Suara derasnya hujan mengiringi langit hitam yang membentang di angkasa. Gemuruh petir menyambar tak jauh di mana seorang pendeta membacakan doa, membangkitkan rasa was-was para penziarah yang datang di sore itu.
Sang pendeta mempercepat pembacaan doa ketika salah satu muridnya membisikkan akan berita kedatangan badai. Tak selang berapa lama, gerombolan para orang suci itu beranjak pergi setelah mengucapkan pamit pada keluarga yang berduka.
Seorang bocah laki-laki menatap nanar tumpukan bunga di depannya. Bunga-bunga itu beragam jenisnya, dia dapat melihat rangkaian Anggrek hingga Tulip. Ibunya akan senang dengan bunga-bunga ini.
Bocah itu mengeratkan genggamannya pada rangkaian bunga Bakung dan Forget-Me-Nots yang ia bawa.
Rintikan air hujan menetes dari ujung payung di genggaman pelayannya, jatuh mendarat di samping sepatunya, mencipratkan butiran tanah basah pada kaos kaki hitam yang ia kenakan.

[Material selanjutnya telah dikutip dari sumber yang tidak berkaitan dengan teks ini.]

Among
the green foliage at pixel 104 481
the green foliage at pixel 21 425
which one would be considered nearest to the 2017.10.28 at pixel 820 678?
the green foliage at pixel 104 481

Suhu udara sore itu lebih dingin dari sejuk, namun Cale mendapati dirinya menggigil bukan karena hujan.
Tangan beku para penziarah menepuk bahu kecilnya dengan simpati, mereka mengatakan sesuatu padanya tapi Cale tidak bisa memfokuskan atensinya pada kata-kata mereka.
"Ron, dimana ayah?"
"...Tuan besar sudah memasuki mobil, tuan muda."

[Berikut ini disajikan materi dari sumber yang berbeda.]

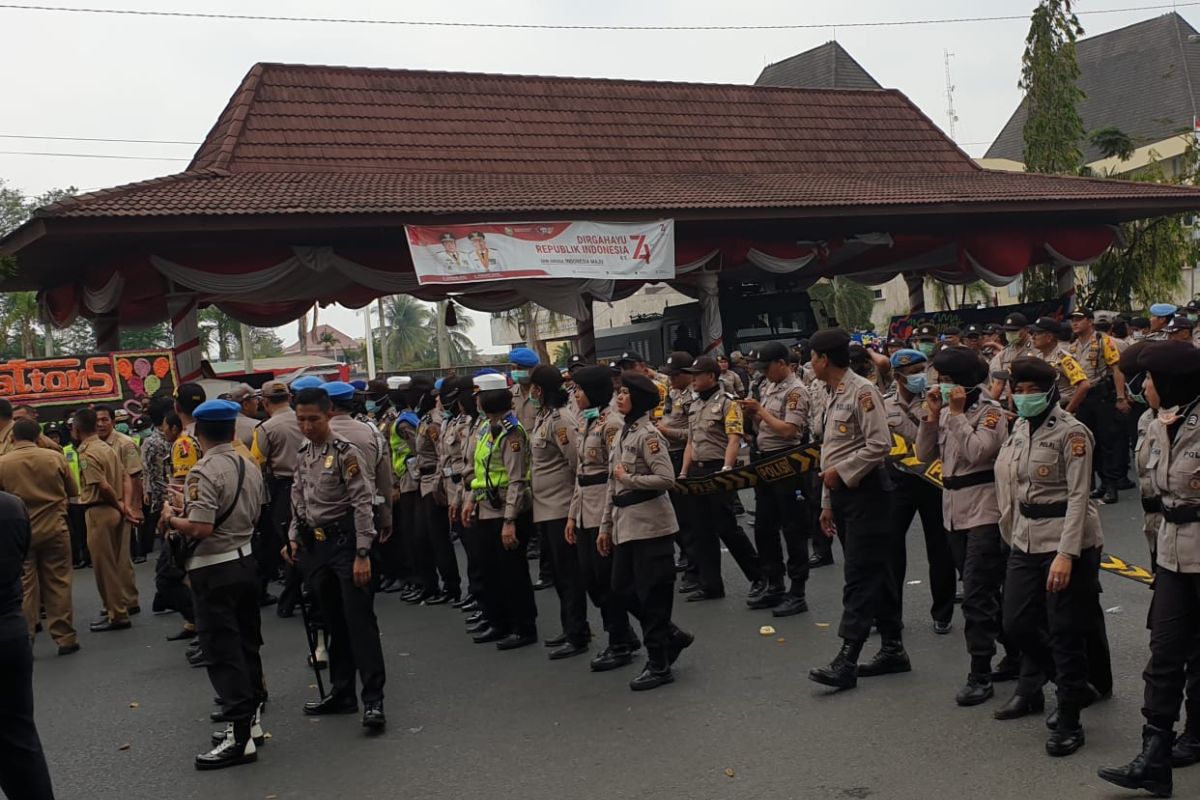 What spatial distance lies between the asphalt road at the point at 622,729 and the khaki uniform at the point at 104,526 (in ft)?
4.90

Benar, dia sudah tak bisa merasakan bayangan menjulang sang ayah di sampingnya. Matanya memanas.
Hembusan kuat angin hujan mendorong seorang bocah itu kebelakang, sebuah tangan kuat menahannya sebelum jatuh. "Tuan muda, sepertinya badai akan datang."
"Aku ingin bersama dengan ibu sedikit lebih lama," suara bocah itu lirih, hampir tak terdengar jika bukan karena jarak mereka yang dekat.
"Baiklah, tuan muda."
Bocah itu berjalan maju, mendekat kearah batu nisan yang menguraikan nama sang ibu. Ia meletakkan rangkaian bunga miliknya tepat di depan nisan.
"Ibu," bocah itu berbisik. "Aku memetik bunga-bunga ini untukmu tadi pagi. Mereka adalah bunga favoritmu, kan?"
Genggaman Ron pada payung goyah, nafasnya tercekat. Ya Tuhan.
"Biar aku saja, ayah," suara Beacrox menyadarkannya, remaja itu mengambil alih payung yang ia pegang.
"Terima kasih, nak."
Pria itu menarik nafas dalam-dalam sebelum berjongkok menemani tuan kecil di hadapannya. "Tuan muda?"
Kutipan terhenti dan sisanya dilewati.